By the mid-1930s, however, there had been no record of the Dengzhou Presbyterian Mission Hospital or the medical staff. It is worth digging further into the historical records to find out whether the Dengzhou Presbyterian Mission hospital was disintegrated and also seek clarity on the whereabouts of medical staff such as Dodds.
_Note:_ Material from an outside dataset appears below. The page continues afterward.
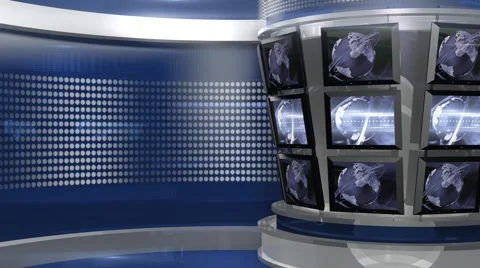 Blue Virtual News Studio 3 closeup4 Stock Footage 3563047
It can be seen from above that the Dengzhou Presbyterian Mission was the first mission in Shandong. As earlier mentioned, before the 1911 Revolution, the Northern Presbyterian Mission was already the largest Protestant denomination in Shandong. Around the mid-1880s, Shandong Presbyterian Mission had four evangelical areas: Dengzhou, Yantai, Jinan and Wei County. In 1912, according to the New York headquarters of the Northern Presbyterian Mission of the United States, the Area of Shandong evangelism had been expanded to nine, namely Dengzhou, Yantai, Jinan, Luxian, Luzhou, Jining, Qingdao, Yancounty and Teng County. The four major areas and the later nine areas were gradually expanded from Dengzhou and Yantai, and a large proportion of the missionaries in Dengzhou had studied Chinese and evangelized. Therefore, Dengzhou Presbyterian Mission held an important position in the history of the development of the Northern Presbyterian Mission of the United States.
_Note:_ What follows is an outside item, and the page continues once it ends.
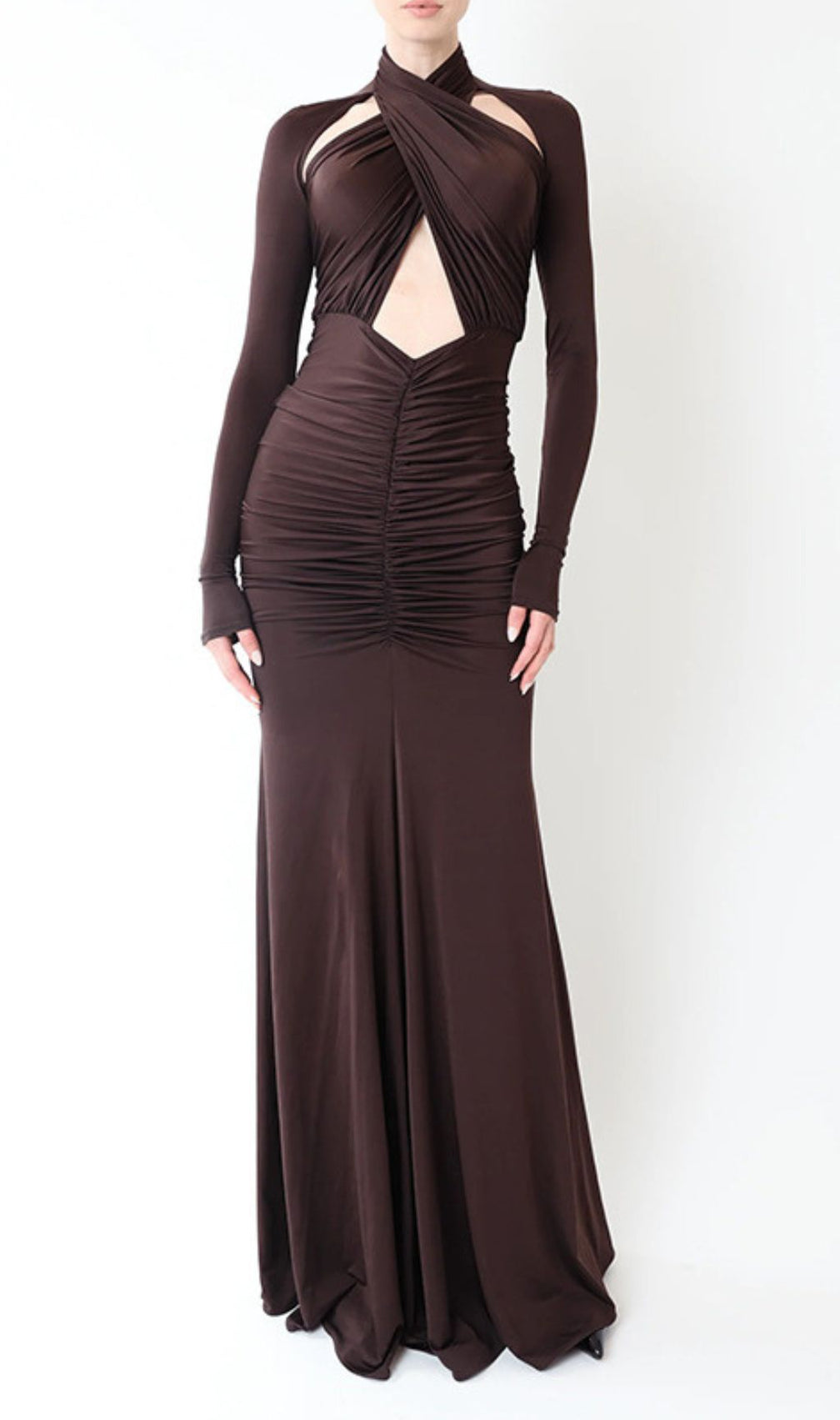 Inaya Coffee Elegance: Ruched Cut-Out Long Sleeve Maxi Dress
Before and after the 1911 Revolution, the center of Christian activities gradually shifted to big cities, as depicted in the movement of the Dengzhou Wenhui Hall to the convenient hinterland of Yixian County, and then onto the provincial capital, Jinan. Before Japan launched a full-scale war against China, the Dengzhou Presbyterian Mission was very successful. There were still quite a lot of foreign missionaries living in Penglai City. The missionary schools were Wenhui Middle School and Wenhui Primary School, totaling nearly 300 students. At that time, although the missionary schools were run in accordance with the relevant regulations of the Government of the Republic of China, which stipulated that the principals be replaced by Chinese, the missionaries still served as teachers in various subjects. In addition to teaching, the missionaries' main task was to preach in the city and in the towns. Japan launched a full-scale invasion of China in 1937, and after the outbreak of the Pacific War, arrested British, Americans and others in China. The vast majority of those arrested being missionaries resulted in the crippling of the United States Presbyterian Mission, bringing it to its end.